### ABOUT THIS TASK:
Pictures in the listing should not be copied. Reproduce, word for word, each line from the one holding "Vector sketched dairy" through the final line.

### INPUT DATA:
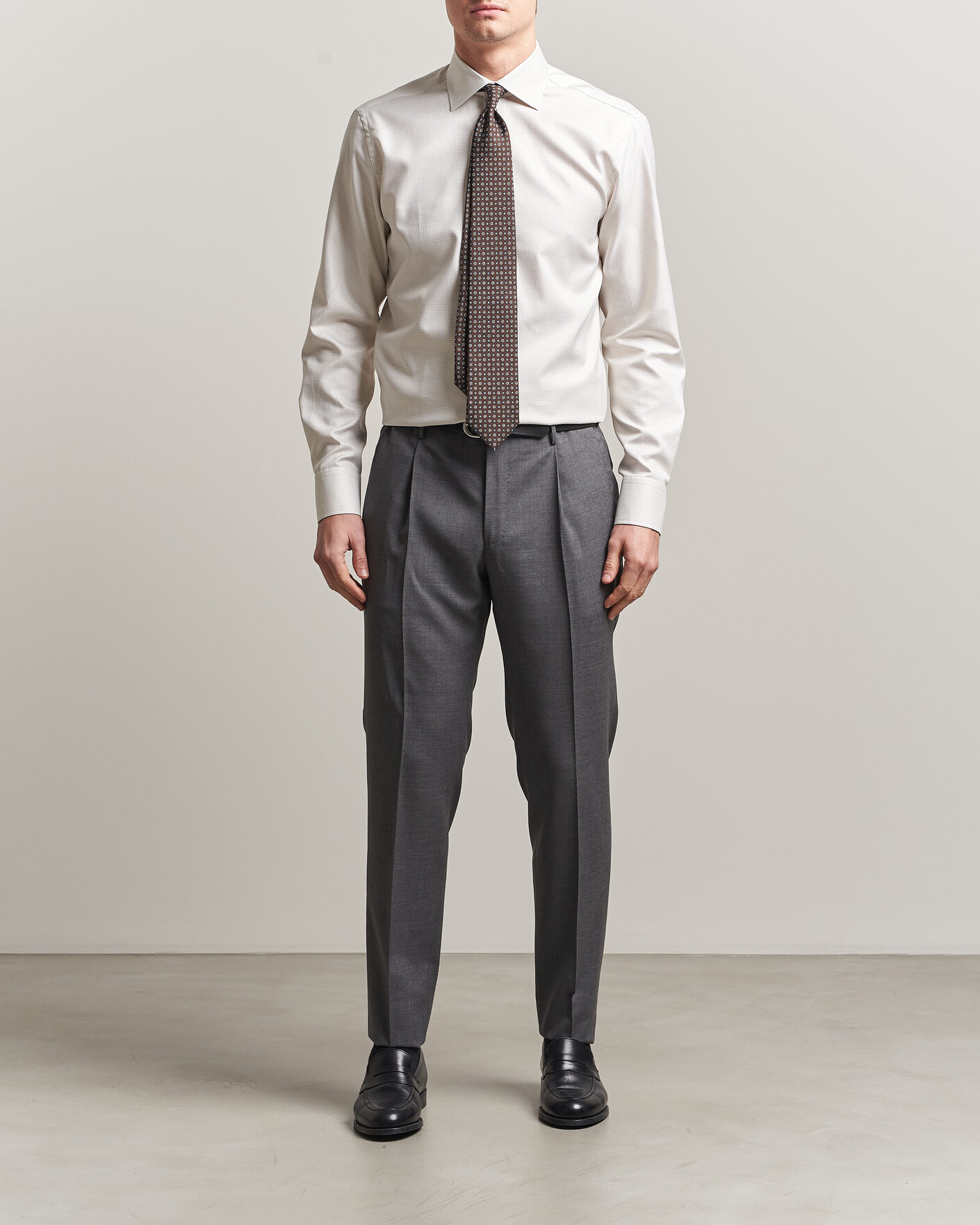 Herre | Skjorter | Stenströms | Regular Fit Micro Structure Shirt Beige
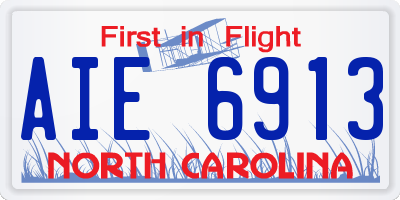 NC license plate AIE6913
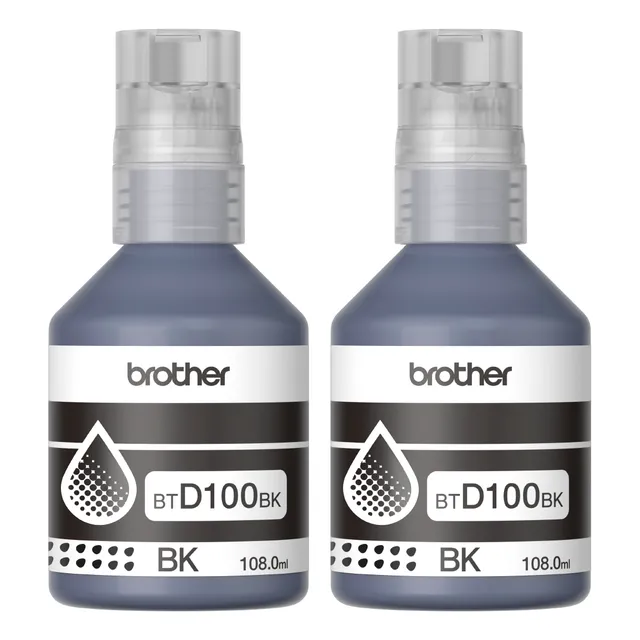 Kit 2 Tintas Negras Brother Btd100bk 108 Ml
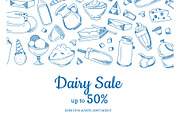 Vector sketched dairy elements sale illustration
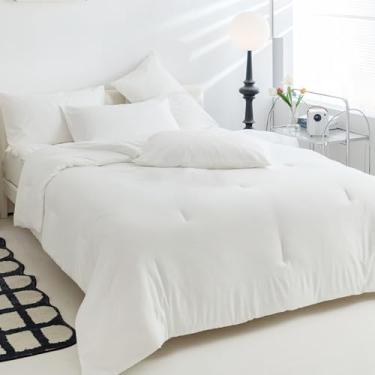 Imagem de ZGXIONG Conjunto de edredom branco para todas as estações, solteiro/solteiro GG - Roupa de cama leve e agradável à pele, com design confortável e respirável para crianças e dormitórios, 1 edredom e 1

### RESPONSE BOX:
 Vector sketched dairy elements sale illustration
 Imagem de ZGXIONG Conjunto de edredom branco para todas as estações, solteiro/solteiro GG - Roupa de cama leve e agradável à pele, com design confortável e respirável para crianças e dormitórios, 1 edredom e 1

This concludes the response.